DATA SHOWN
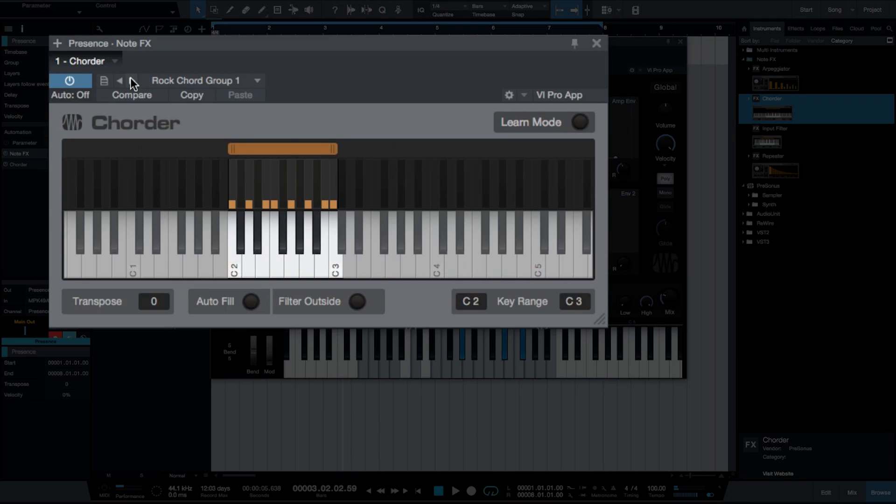As you can imagine, this allows for some very powerful single note triggering options, which is great for both live performance and in-studio composing. And creating our own presets is really simple by using the learn and copy functions.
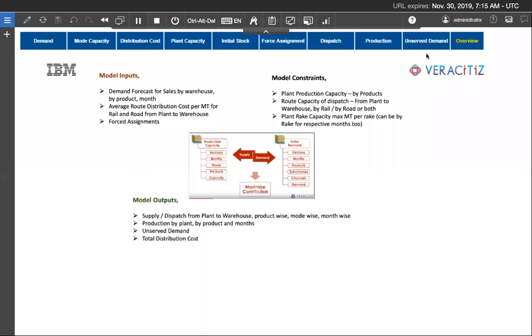Hello everyone, welcome to our demonstration of the transportation cost optimization problem using IBM Decision Optimization and IBM Planning Analytics.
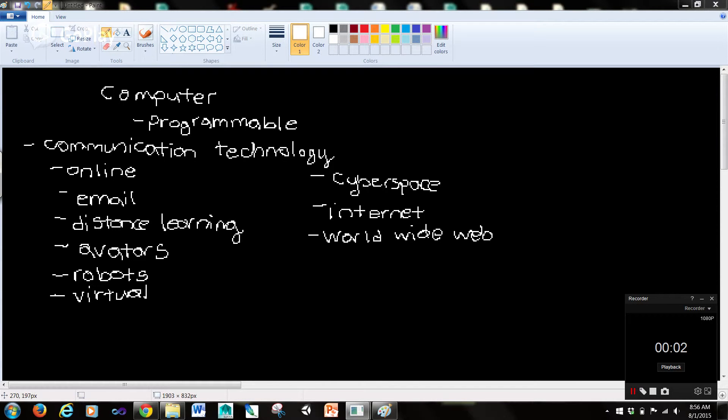Hi guys, it's Rob here back with another IT 101 tutorial and we're going to go over some terminology. So what is a computer?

EXERCISE INSTRUCTIONS
When you copy the data above, keep each line exact and omit the pictures.

RESPONSE TO THIS EXERCISE
As you can imagine, this allows for some very powerful single note triggering options, which is great for both live performance and in-studio composing. And creating our own presets is really simple by using the learn and copy functions.
Hello everyone, welcome to our demonstration of the transportation cost optimization problem using IBM Decision Optimization and IBM Planning Analytics.
Hi guys, it's Rob here back with another IT 101 tutorial and we're going to go over some terminology. So what is a computer?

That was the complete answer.